I am weeping. She continues, holding my hand in the vast darkness.
"Love it all. The stars and all that is beneath them, and all that is between them, and all that lies beyond. And if you forget how to do that, just look at the night sky. Seek the first star and make a wish, and remember how it feels to be ten years old again — so happy, and so wise. So open-hearted, so strong and fas — you loved yourself then, and you must learn to love yourself still, at every age. You loved and trusted the world more back then, too — and you must re-learn this as well. The soul cannot survive within a vacuum."
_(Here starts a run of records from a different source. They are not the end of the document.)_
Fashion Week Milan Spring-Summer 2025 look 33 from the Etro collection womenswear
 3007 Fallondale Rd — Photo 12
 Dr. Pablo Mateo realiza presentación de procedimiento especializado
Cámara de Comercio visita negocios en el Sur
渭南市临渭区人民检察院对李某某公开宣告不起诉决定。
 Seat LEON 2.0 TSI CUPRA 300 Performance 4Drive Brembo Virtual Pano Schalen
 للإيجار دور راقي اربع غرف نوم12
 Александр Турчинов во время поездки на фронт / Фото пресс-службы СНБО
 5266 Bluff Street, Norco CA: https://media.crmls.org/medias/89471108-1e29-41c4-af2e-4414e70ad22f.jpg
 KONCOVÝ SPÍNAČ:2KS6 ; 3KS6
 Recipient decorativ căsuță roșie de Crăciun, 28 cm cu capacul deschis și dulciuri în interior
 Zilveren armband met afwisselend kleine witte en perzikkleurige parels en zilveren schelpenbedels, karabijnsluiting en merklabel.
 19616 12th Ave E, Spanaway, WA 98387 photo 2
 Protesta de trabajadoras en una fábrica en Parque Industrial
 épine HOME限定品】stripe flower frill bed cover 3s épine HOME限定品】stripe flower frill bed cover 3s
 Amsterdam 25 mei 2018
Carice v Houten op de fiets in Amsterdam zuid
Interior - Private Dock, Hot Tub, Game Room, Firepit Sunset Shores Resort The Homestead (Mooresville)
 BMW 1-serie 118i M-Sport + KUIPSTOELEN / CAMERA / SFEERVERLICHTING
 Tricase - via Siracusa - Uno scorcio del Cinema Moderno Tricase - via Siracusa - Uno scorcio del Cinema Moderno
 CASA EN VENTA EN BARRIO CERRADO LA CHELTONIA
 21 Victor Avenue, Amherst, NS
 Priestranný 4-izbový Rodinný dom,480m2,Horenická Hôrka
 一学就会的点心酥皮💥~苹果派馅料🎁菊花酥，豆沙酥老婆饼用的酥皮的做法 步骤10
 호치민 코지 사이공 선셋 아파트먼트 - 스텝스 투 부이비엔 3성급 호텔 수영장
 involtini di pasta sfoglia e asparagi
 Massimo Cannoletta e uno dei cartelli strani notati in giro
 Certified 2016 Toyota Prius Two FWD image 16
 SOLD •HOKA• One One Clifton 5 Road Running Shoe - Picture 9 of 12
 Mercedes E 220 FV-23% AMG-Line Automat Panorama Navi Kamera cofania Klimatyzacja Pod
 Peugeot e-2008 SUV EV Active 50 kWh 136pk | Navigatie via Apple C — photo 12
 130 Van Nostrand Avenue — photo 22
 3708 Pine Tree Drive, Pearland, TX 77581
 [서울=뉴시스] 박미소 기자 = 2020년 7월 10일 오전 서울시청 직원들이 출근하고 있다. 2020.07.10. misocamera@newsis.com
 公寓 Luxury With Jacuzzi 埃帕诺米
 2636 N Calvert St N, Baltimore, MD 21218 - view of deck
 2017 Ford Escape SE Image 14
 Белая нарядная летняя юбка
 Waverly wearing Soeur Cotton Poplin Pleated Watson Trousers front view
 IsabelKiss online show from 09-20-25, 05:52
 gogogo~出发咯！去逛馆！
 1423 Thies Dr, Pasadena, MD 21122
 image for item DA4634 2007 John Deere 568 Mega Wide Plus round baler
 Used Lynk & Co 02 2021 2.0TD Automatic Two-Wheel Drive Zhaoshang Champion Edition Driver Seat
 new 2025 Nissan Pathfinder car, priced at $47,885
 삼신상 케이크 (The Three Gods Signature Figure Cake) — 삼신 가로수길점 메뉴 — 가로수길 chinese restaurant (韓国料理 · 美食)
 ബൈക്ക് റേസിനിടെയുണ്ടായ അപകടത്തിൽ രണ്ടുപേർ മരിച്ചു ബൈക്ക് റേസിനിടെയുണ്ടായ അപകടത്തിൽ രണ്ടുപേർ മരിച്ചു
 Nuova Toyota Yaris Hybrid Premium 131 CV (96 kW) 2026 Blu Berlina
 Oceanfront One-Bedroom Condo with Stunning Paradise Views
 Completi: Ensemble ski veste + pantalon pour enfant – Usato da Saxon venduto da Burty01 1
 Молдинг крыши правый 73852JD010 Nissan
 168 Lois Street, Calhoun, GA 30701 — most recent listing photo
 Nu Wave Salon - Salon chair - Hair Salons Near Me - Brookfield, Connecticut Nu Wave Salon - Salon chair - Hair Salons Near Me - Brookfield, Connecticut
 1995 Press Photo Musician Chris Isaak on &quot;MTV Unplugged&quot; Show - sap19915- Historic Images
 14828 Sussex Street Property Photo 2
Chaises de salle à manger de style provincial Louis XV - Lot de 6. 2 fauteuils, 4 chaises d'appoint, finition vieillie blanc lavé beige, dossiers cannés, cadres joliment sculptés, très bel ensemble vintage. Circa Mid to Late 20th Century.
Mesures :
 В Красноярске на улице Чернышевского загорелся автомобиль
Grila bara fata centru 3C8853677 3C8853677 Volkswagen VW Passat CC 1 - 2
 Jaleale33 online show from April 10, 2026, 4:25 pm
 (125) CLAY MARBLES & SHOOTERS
She squeezes my hand, and points up to the sky, flinging away her telescope. A huge meteor, rabidly green, streaks by, then another, and two more hallucinatory blue, violet, crimson! And then the whole sky erupts, dancing, into a pinball machine with stars shooting wildly in all directions. A million wishes coming true.
I smile through my tears, broken open inside, and truly myself again, in love with the night. I hold Urania's small hand, my sister beneath the skin. My heart is whole, joyful, laughing. I awaken alone, in the forest clearing, at the doorway of the blue tent. Urania and Diana are nowhere to be found. I wonder what strange adventure she's having now, and I wish I could go find out, but my deadline looms, and so I head for home to record my last adventure with the Nine Athenian Muses. Farewell, dear ones!